Segment Start: Supplied information

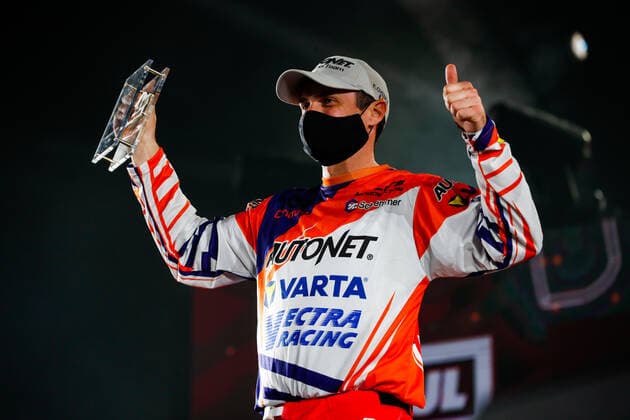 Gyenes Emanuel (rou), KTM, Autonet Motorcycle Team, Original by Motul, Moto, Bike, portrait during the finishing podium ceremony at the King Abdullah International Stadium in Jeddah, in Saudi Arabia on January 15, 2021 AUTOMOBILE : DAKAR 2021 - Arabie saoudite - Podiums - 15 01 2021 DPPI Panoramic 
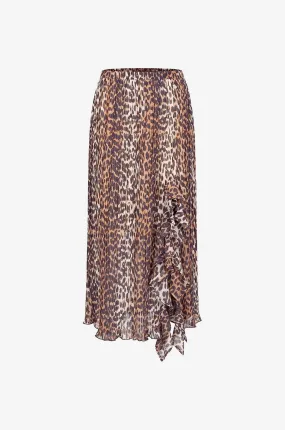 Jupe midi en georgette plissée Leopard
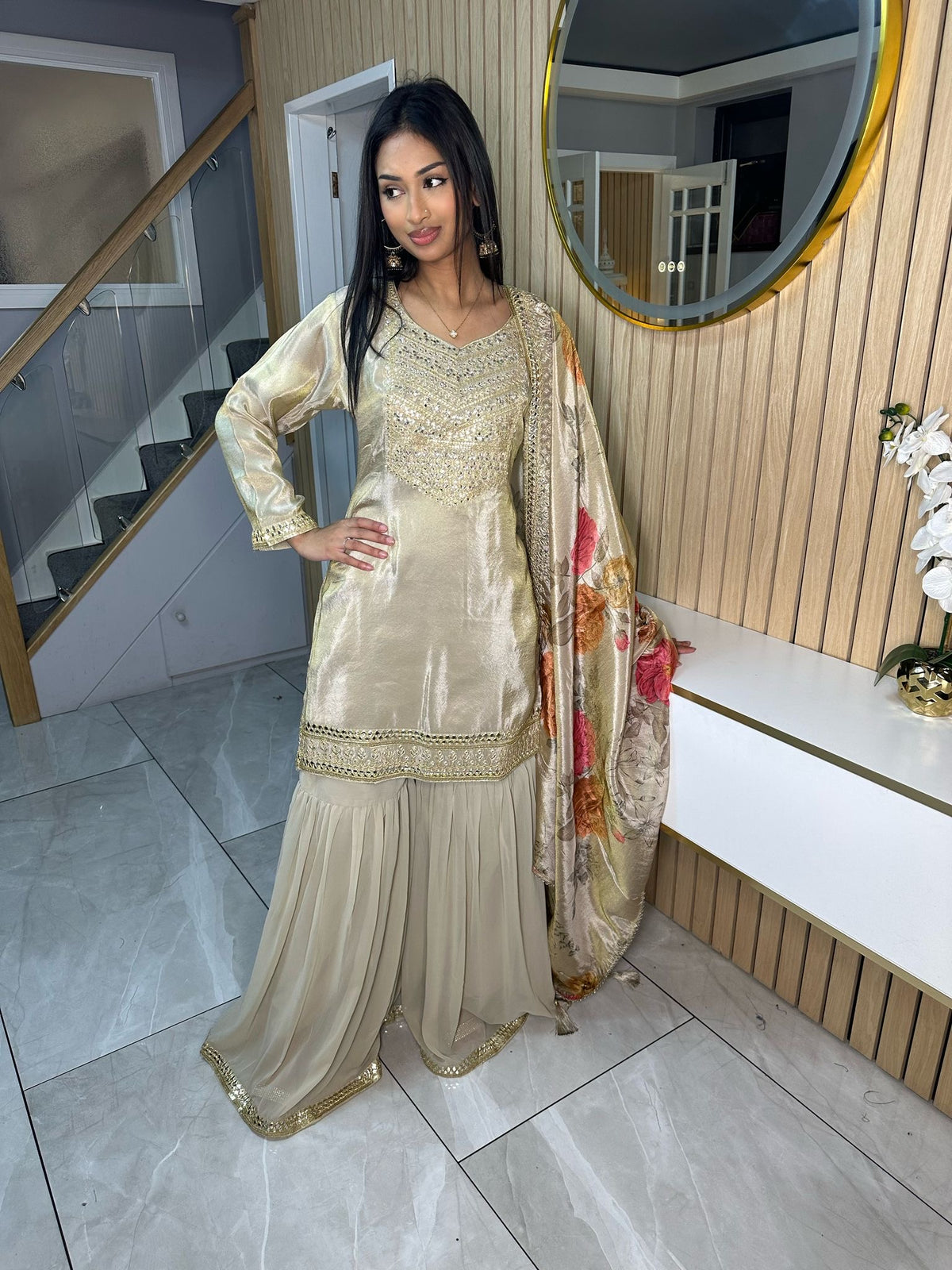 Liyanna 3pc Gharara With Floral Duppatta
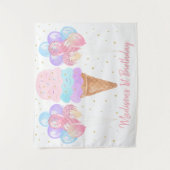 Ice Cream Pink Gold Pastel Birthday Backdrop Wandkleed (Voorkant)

Segment End: Supplied information

Exercise description>
With the images removed, reproduce all the material above word for word.

Solution to this exercise>
 Gyenes Emanuel (rou), KTM, Autonet Motorcycle Team, Original by Motul, Moto, Bike, portrait during the finishing podium ceremony at the King Abdullah International Stadium in Jeddah, in Saudi Arabia on January 15, 2021 AUTOMOBILE : DAKAR 2021 - Arabie saoudite - Podiums - 15 01 2021 DPPI Panoramic 
 Jupe midi en georgette plissée Leopard
 Liyanna 3pc Gharara With Floral Duppatta
 Ice Cream Pink Gold Pastel Birthday Backdrop Wandkleed (Voorkant)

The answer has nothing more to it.